Now maybe you can understand that when rest stroke alternation begins to feel no worse to me than free stroke, my attention perks up. Something’s afoot. I don’t yet know what it is, and I’m not dancing in the streets over it. (If I did that this week, I’d have been hit by a snow plow.) Nonetheless, I’m encouraged.

So my Rockette exercise has earned a reprieve. I’ve morphed it into the following:

As you can see, speed bursts are inching their way into my practice sessions. Everything else—30 minutes of alternation, 15 of glacially slow arpeggios, 5 of sweeps and rasgueado, and 10 of stretches—is pretty much the same. No problems with shoulder pain to report.

It’s now time to answer a question that no one has asked: how do I know I can reach the speed I’m aiming for? First, I’d like to thank everyone for not asking that question. It implies a faith in my prospects that so far has little evidence to back it. Or maybe it implies massive indifference. But I’m a glass-half-full guy, so I’m going with the former.

To answer my own question, I reply that I really don’t know. And yet I’ve confidence that I can reach my goal. The reason, to my delight, popped up in one of the comments to my January 16th post:
“How fast and loosely can you do that finger alternation without the guitar? Kevin Gallagher had me try that in a lesson and I was amazed by how fast I could do it and how easy it felt. Since then, I’ve been able to increase my speed and reduce my tension a lot by getting familiar with that feeling.”——William Bajzek (Washington, USA)
I smiled when I read this comment, so aptly did it describe the reason for my confidence. If I can alternate i and m at 160 away from the guitar, then why shouldn’t I be able to do it on a guitar string? Yes, I know it’s not that simple. There’s a big difference between tapping your fingers on a table top and alternating i and m on a guitar string. In fact, the vast majority of classical guitarists can’t do it exceptionally well. But do we really know why? Most of us try once or twice and fail, never to try again. But how many of us try again and again? And how many of us rethink after each failure, to come at the problem from another angle?

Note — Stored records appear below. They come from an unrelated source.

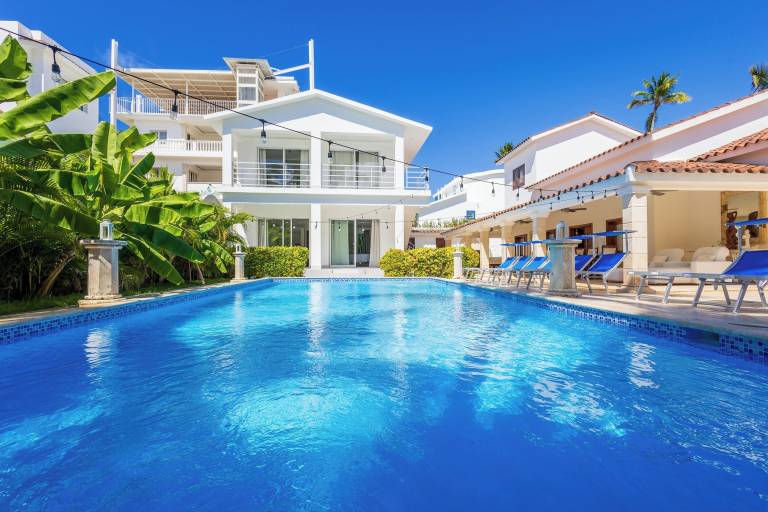 Villa Bavaro
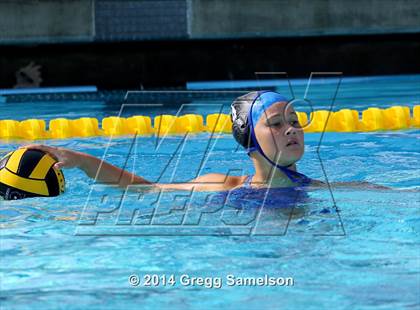 Thumbnail 1 in Davis vs Del Oro (Capital Challenge) photogallery.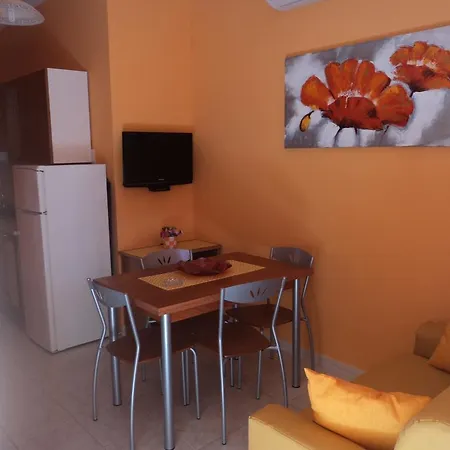 Casa Bruno Appartement *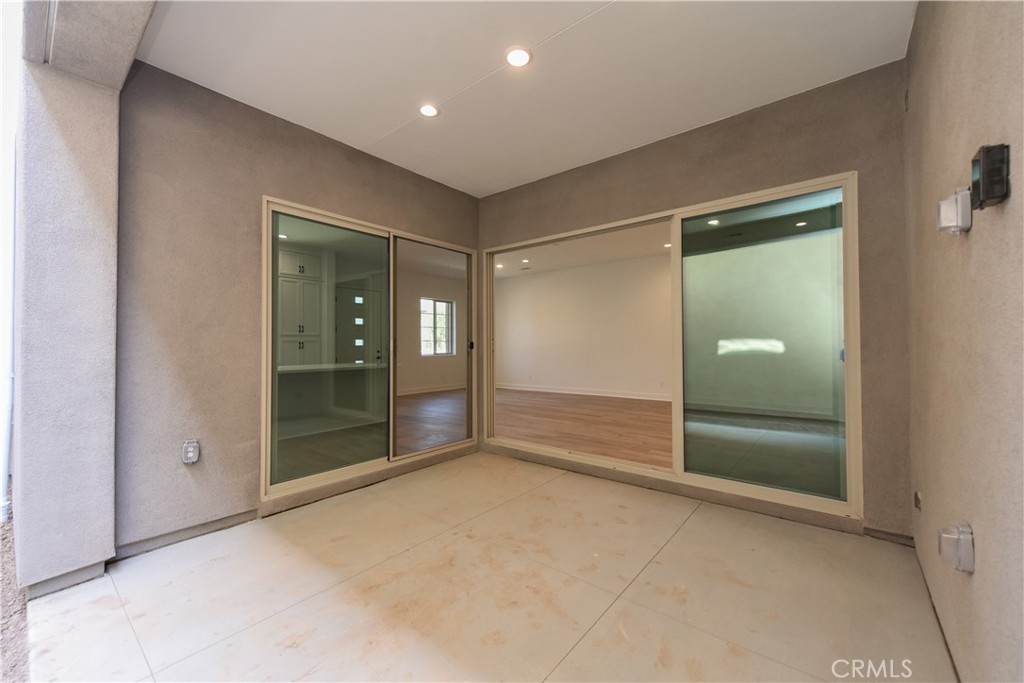 Ascent - Residential Lease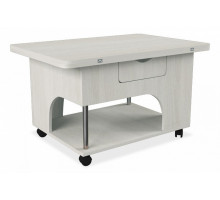 Стол-трансформер Стэп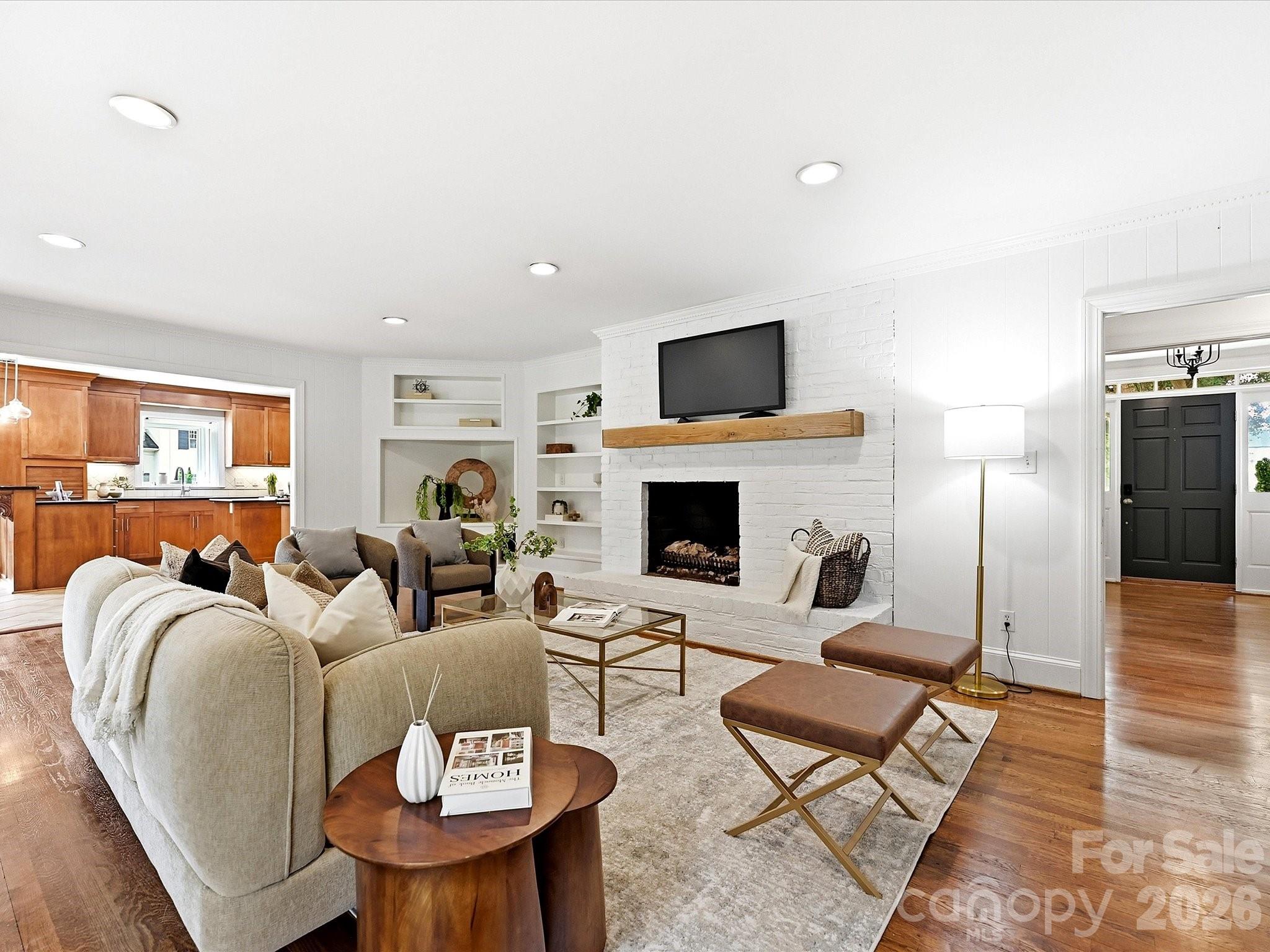3921 River Ridge Road Charlotte, NC 28226 - Photo 8 of 41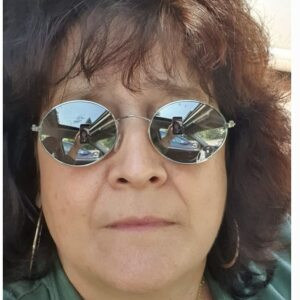 Profilbild von Carola Tschiersche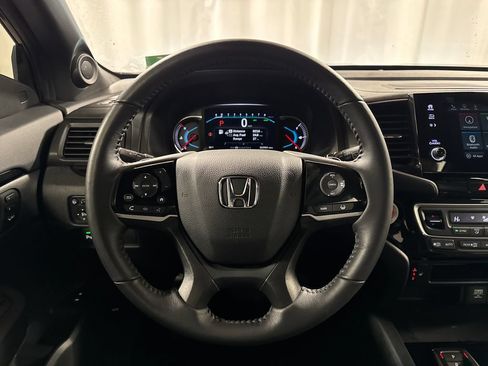 Certified 2021 Honda Passport Touring image 33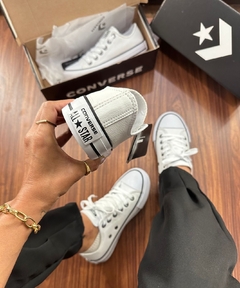 ALL STAR COURINO BRANCO na internet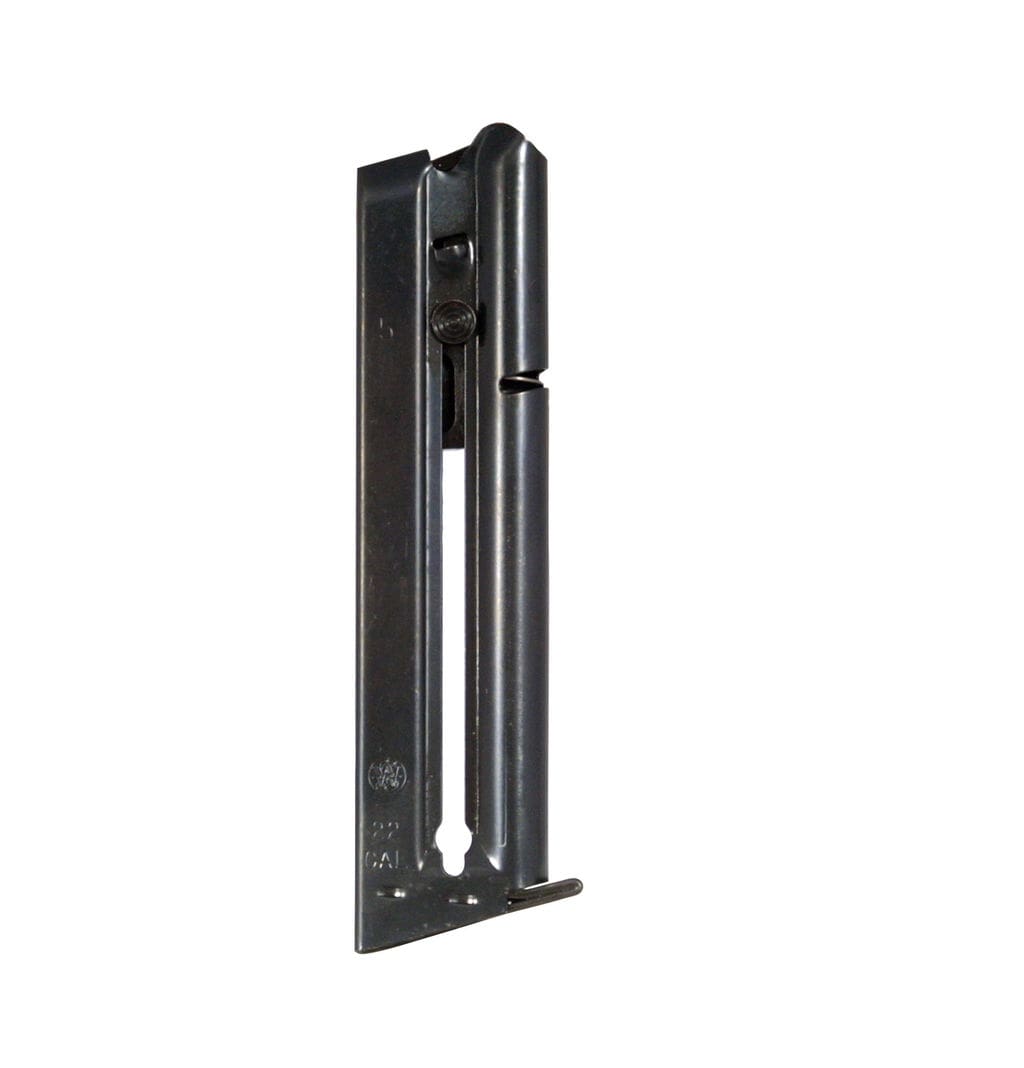 S&W MAG 41/422 22LR 10RD B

Which leads to another comment that made me smile:
“It has often been bandied about that the good rest-stroke players are evident from the very start. That’s an aggressively depressing thought to any non-good rest-stroke player. But it might also indicate that it is an element in the fundamental approach, rather than raw volume of work, that is the difference.”——Miguel de Maria, Arizona, USA
Indeed. So why not sally forth with confidence that I can figure it out as I go? In time I may learn that my confidence was misplaced. But there are worse things than misplaced confidence. Unquestioned defeatism is one. Given the choice, I opt for the former.